Exercise aim: Copy the data exactly as it appears, and do not include any pictures.

The data:
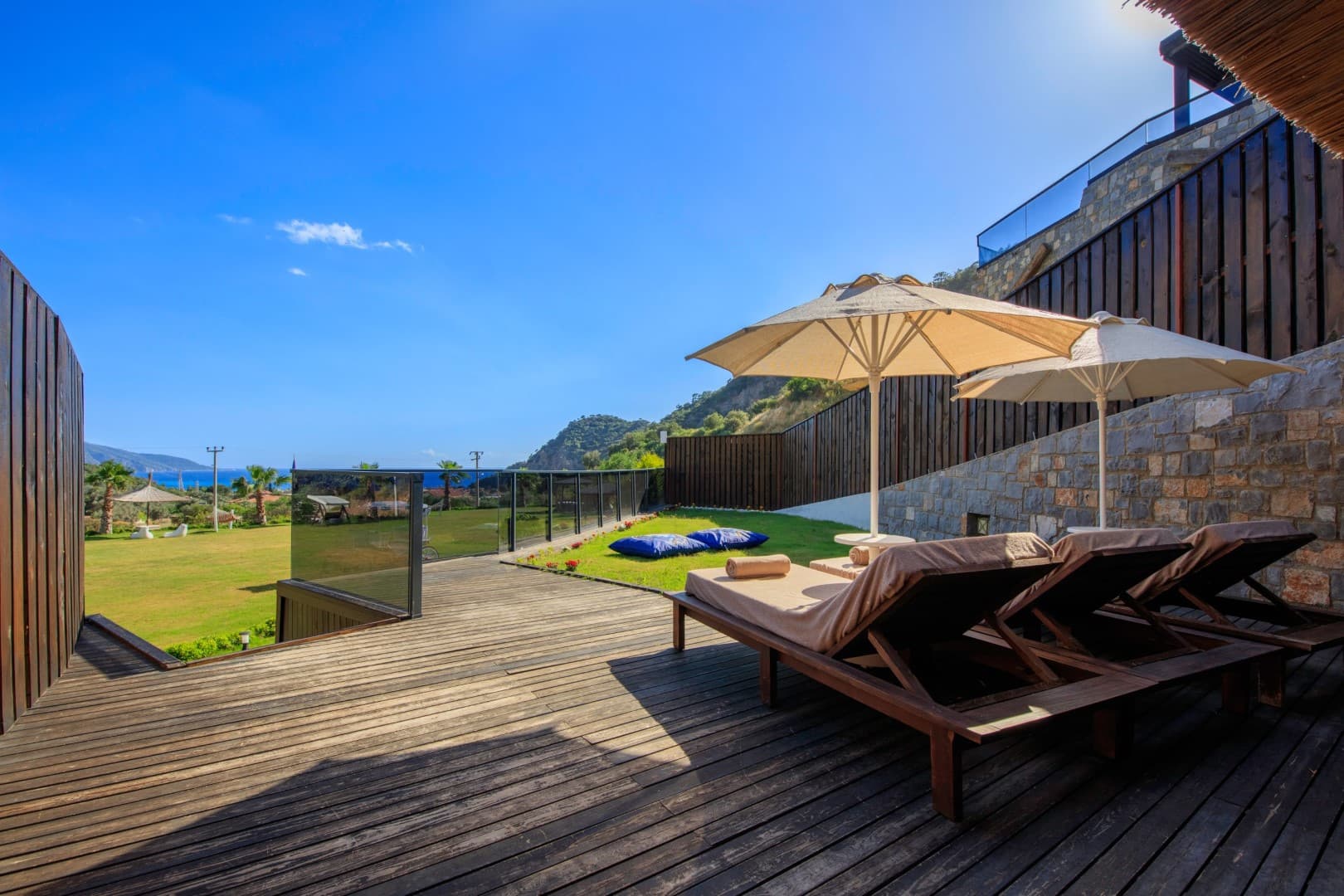 Manaspark Deluxe Hotel-6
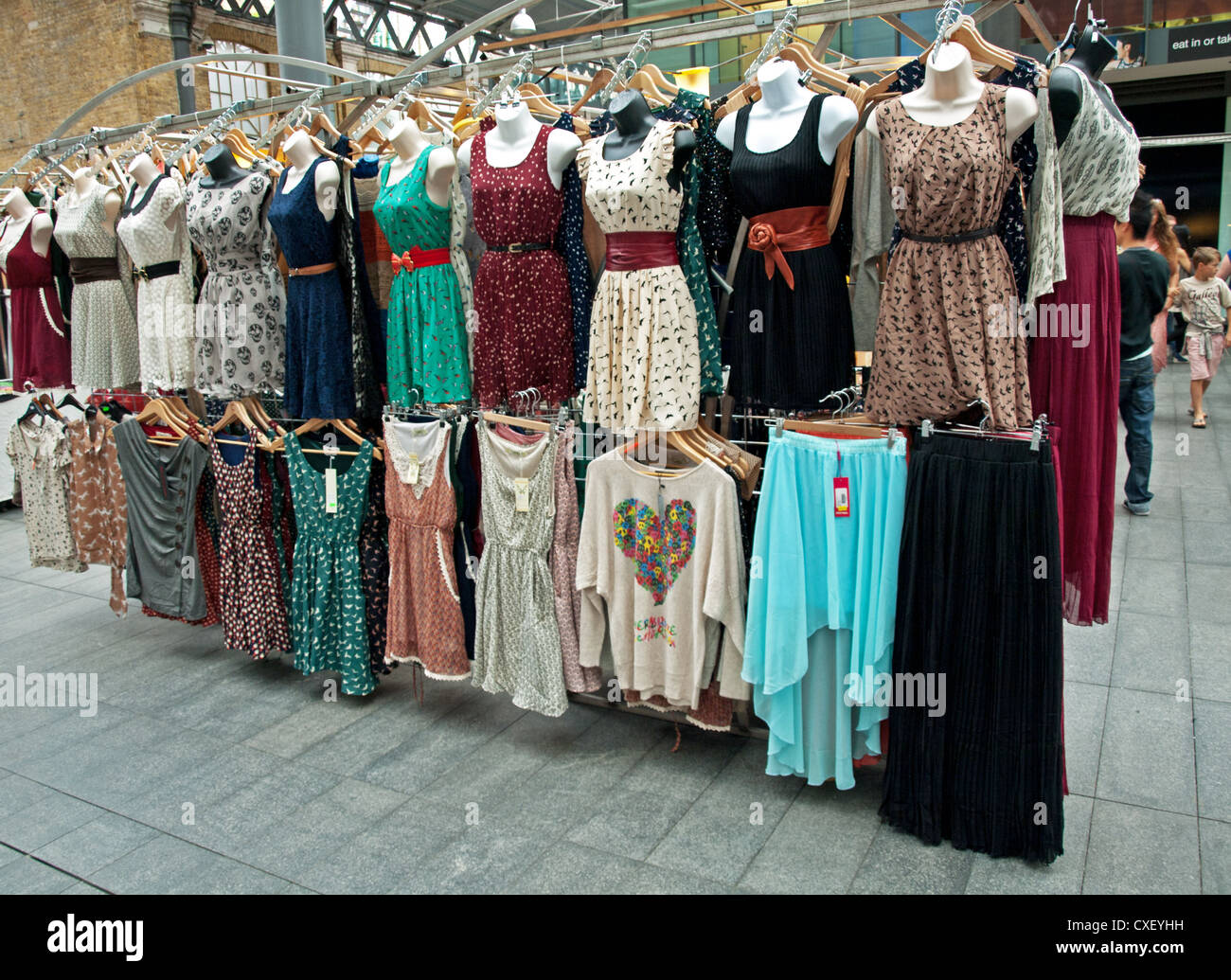 Visualizzazione di abbigliamento a Old Spitalfields Market, London Borough  of Tower Hamlets, London, England, Regno Unito Foto stock - Alamy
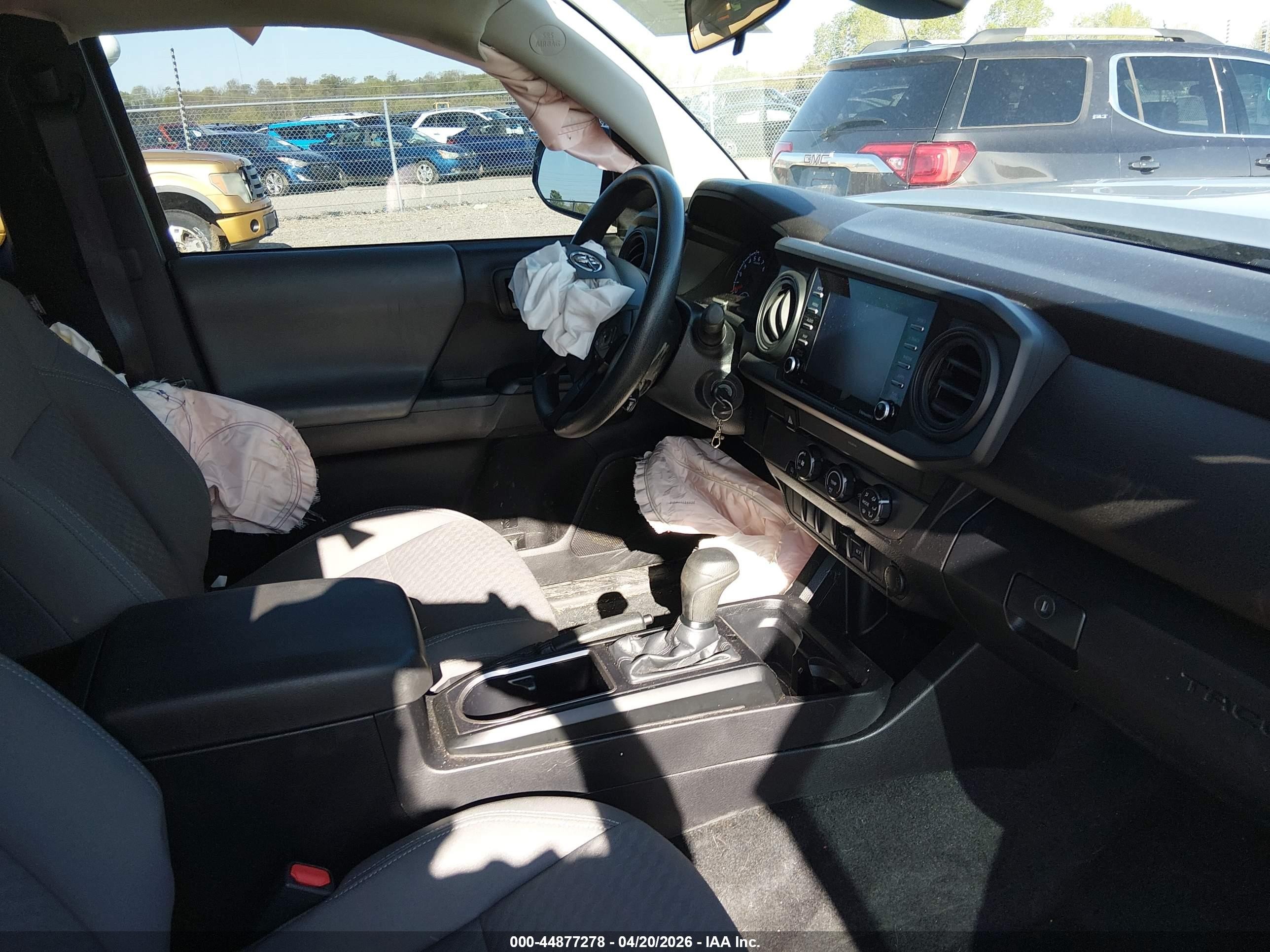 2023 Toyota Tacoma Sr Серебряный vin: 3TYRX5GNXPT085054
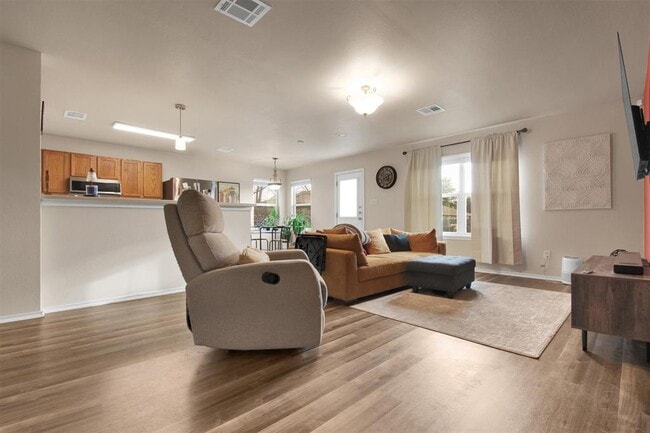 Building Photo - 18205 Topsail St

Expected answer:
 Manaspark Deluxe Hotel-6
 Visualizzazione di abbigliamento a Old Spitalfields Market, London Borough  of Tower Hamlets, London, England, Regno Unito Foto stock - Alamy
 2023 Toyota Tacoma Sr Серебряный vin: 3TYRX5GNXPT085054
 Building Photo - 18205 Topsail St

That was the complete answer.